From the open source models out there, Qwen3.5 is the best right now. unsloth produces nice quants for it and even provides guidelines [2] on how to run them locally.
The 6-bit version of Qwen3.5 9B would fit nicely in your 6700 XT, but at 9B parameters, it probably isn't as smart as you would expect it to run.
Which model have you tried locally? Also, out of curiosity, what is your host configuration?
[1]: https://huggingface.co/settings/local-apps [2]: https://unsloth.ai/docs/models/qwen3.5
Either that or just load up Qwen3.5-35B-A3B-Q4_K_S I'm serving it at about 40-50t/s on a 4070RTX Super 12GB + 64GB of RAM. The weights are 20.7GB + KV Cache (which should be lowered soon with the upcoming addition of TurboQuant).
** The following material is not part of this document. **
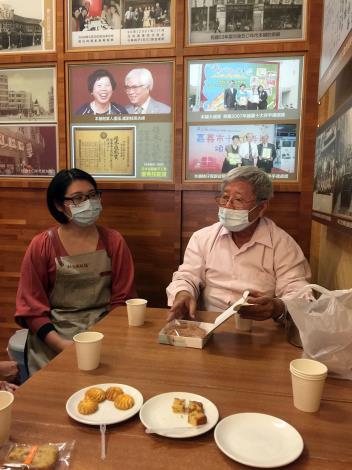 新台灣餅舖店主及女兒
The reasoning is great in opus, unbeatable at the moment.
I understand what you mean, it becomes disappointing on more niche or specific work. It’s honestly a good thing to see these models are not really intelligent yet.
I use it for reviewing existing code, specifically for a components-based framework for Godot/GDScript at [0]. You can view the AGENTS.md and see that it's a relatively simple enough project: Just for 2D games and fairly modular so the AI can look at each file/class individually and have to cross-reference maybe 1-3 dependencies/dependents at most at any time during a single pass.
I've been using Codex, and it's helped me catch a lot of bugs that would have taken a long time on my own to even notice at all. Most of my productivity and the commits from the past couple months are thanks to that.
Claude on the other hand, oh man… It just wastes my time. It's had way more gaffes than Codex, on the exact same code and prompts.
I still get really mad at AI sometimes and I am not sure whether I could use AI for coding full time.
(Codex broke my git a few days ago.)
I use Codex regularly and Claude is shit in comparison, from its constant "Oops you're right!!" backtracking to its crap Electron app (if their AI is so good why can't they make a fucking native app for each OS?)
Hell right freakin now I asked it to implement something and got a weird "Something went wrong" API error
Maybe you're too easily frustrated. Or your existing code reads like your comments.